WASHINGTON (AP) — The former head of a 16-member U.S. military team in Libya said Wednesday the consulate in Benghazi, where the U.S. ambassador and three other Americans were killed, never had the forces it needed to protect itself.
Lt. Col, Andrew Wood told the House Oversight and Government Reform Committee that U.S. security was so weak that in April, only one U.S. diplomatic security agent was stationed in Benghazi.
The committee hearing followed assertions Tuesday night by the State Department that it never concluded that the Sept. 11 attack stemmed from protests over an American-made video ridiculing Islam. Ambassador Chris Stevens and three other Americans died in what the administration now says was a terrorist attack.
Asked about the administration's initial — and since retracted — explanation linking the violence to protests over the anti-Muslim video circulating on the Internet, one official said, "That was not our conclusion."
He called it a question for "others" to answer, without specifying.

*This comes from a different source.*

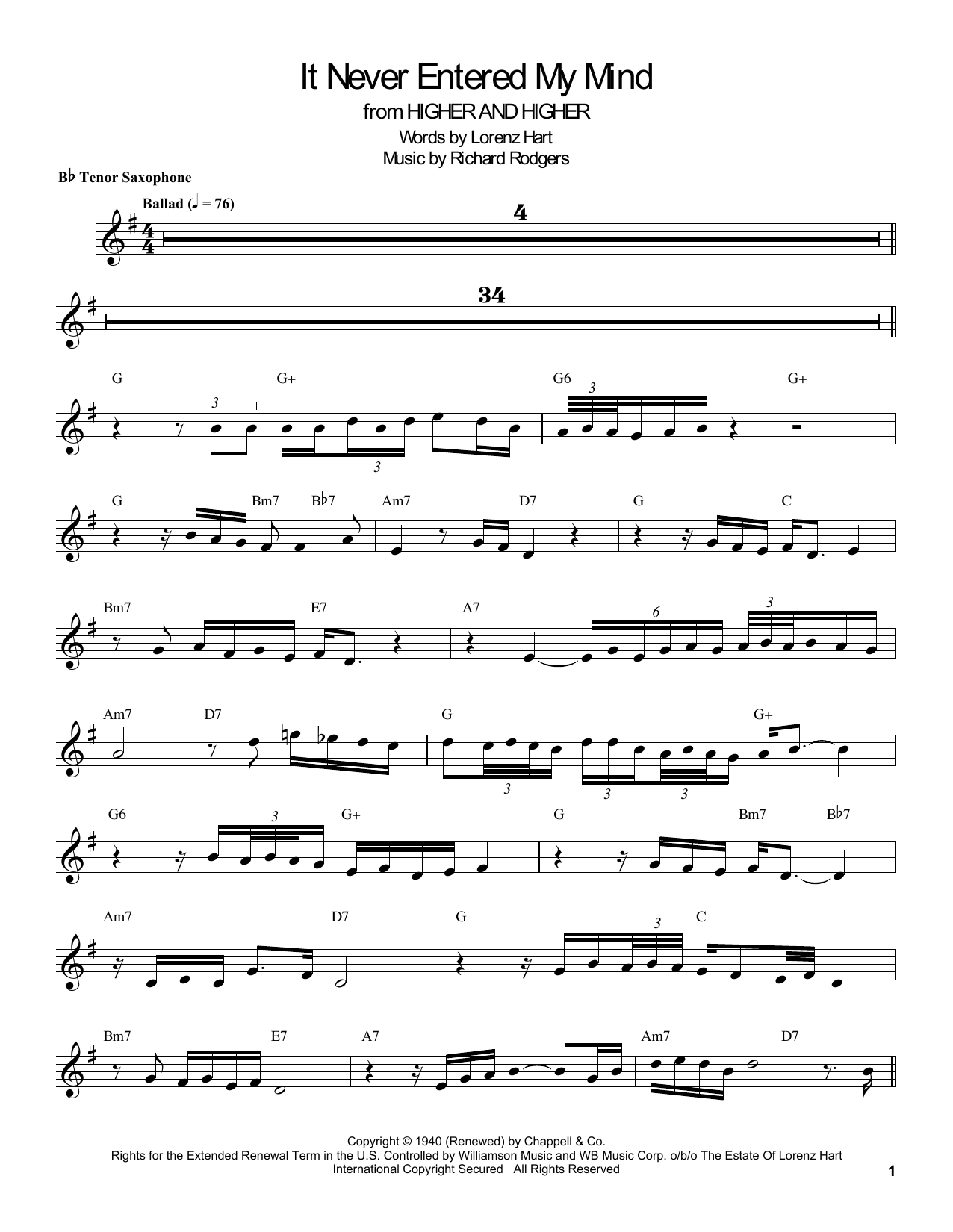 Coleman Hawkins It Never Entered My Mind sheet music notes and chords arranged for Tenor Sax Transcription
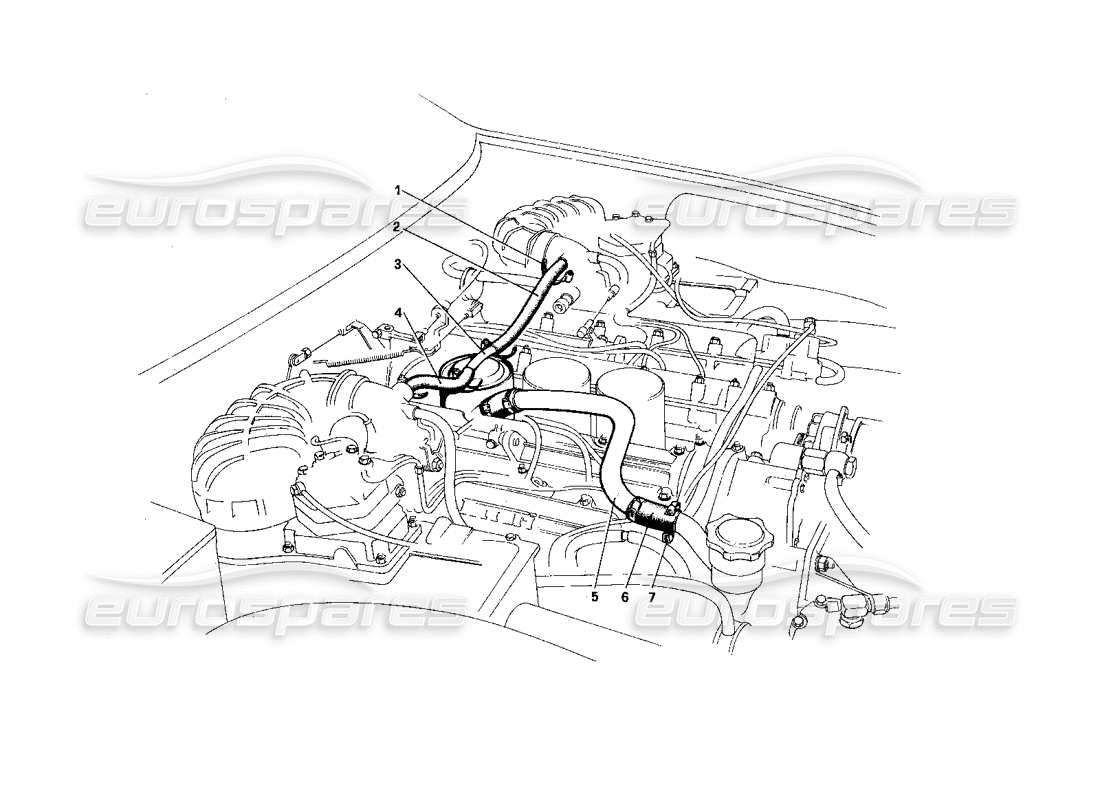 ferrari 400i (1983 mechanical) système blow-by schéma des pièces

The officials spoke on condition of anonymity because they weren't authorized to speak publicly on the matter, and provided no evidence that might suggest a case of spontaneous violence or angry protests that went too far.
It was a top administration diplomatic official — U.N. Ambassador Susan Rice — who gave a series of interviews five days after the attack that wrongly described the attack as spontaneous.